So what you'll see here is that if the link is resolvable, it'll show you the new URL, the URL that it actually points to. If it is not resolvable, it'll just kick back your original request, which is the HTTPS, you know, is.gd slash whatever the slug is. And so that's exactly how that works.
So there were a couple of errors along the way. So bad requests, hosts that no longer exist, you would get for like a 404 error. Also, things that would hold up the script would be something like streaming media, right? Because the curl request just constantly grabs data and it actually hung up my server a little bit
or the script. So I would have to stop it, move that URL, and then continue on with the scrape. Because imagine like a URL being shortened to like SOMA FM or whatever, the curl request is just constantly pulling for that next media, that next piece of information. So that was a problem.

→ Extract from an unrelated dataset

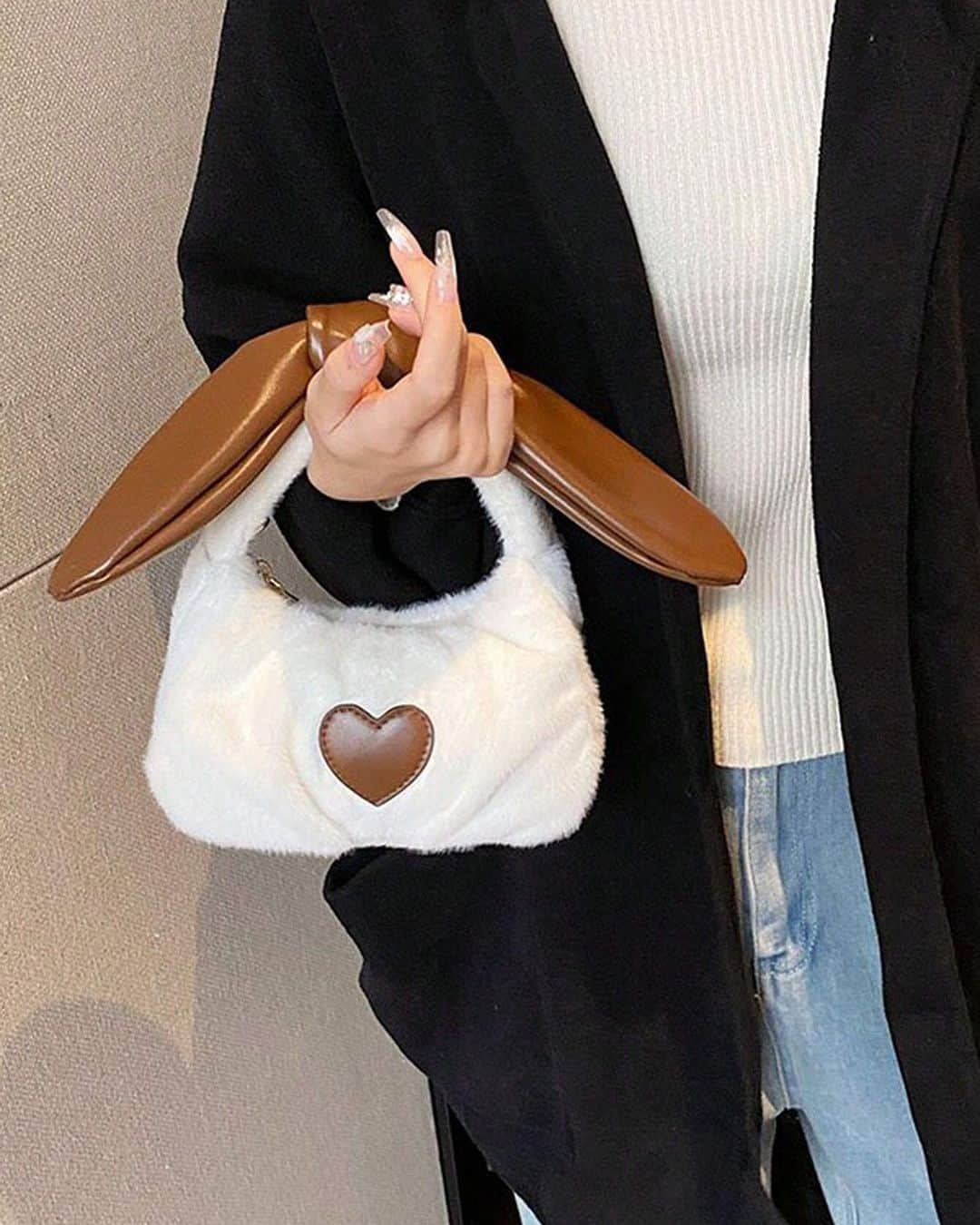 SHEINさんのインスタグラム写真 - (SHEINInstagram)「The difference between a look and a lewk is standout style, and we've got statement pieces in the bag! 👜😉 Which arm candy would sweeten up your ensemble? 👇  🔎 25506013 25224246 25278248 24691794 23410330 26378008 26613286 12725558 25974404  #SHEIN #SHEINforAll #SHEINstyle #fashion #chic」11月30日 21時30分 - sheinofficial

But that's why it was a good idea to keep an eye on it. So here are some of the statistics. Now this is actually pretty interesting. So again, just to kind of refresh your memory, you have 2.3 million links in this lowercase word pronounceable space. Now of that, only about 230,
or sorry, 228,000 links were resolved. So that's about nine, almost 10%. And of the original 1.3 billion links that are actually resolved on LinkedIn, or not LinkedIn, sorry, that's the whiskey talking, on Isgood, only about .01% was resolved, if we're looking at that statistic.
All right, now that I've kind of explained exactly what I was doing to scrape, let's look a little bit at the data, which I'm sure is the interesting part, right? So what you're seeing here on the absolute right side, the white text, is the entire count for how many of particular links were there.
So what I mean by that is, at the very top, you see 141,444. Those are 141,444 unique links that are referenced in this scrape. At the very bottom, you're gonna see one link, but that's referenced 66,000 times.
So maybe that's an interesting point of data to take a look at, and it actually is. We'll get into that in just a second. And it varies from the top all the way down. So you have two links that are 35,000, et cetera, et cetera, et cetera, and that's how that data goes. I tried to graph it, didn't work so well. Gotta work on that. Now here's our media analysis
on the stuff that we've scraped. So we have JPEG, APKs, Zips, MP3s, C, that's C source code, PNG files, PDFs, EXEs. We found a lot of stuff here. When I say we, I mean me and the voices in my head. But yeah, so this is like a media analysis of exactly what we found.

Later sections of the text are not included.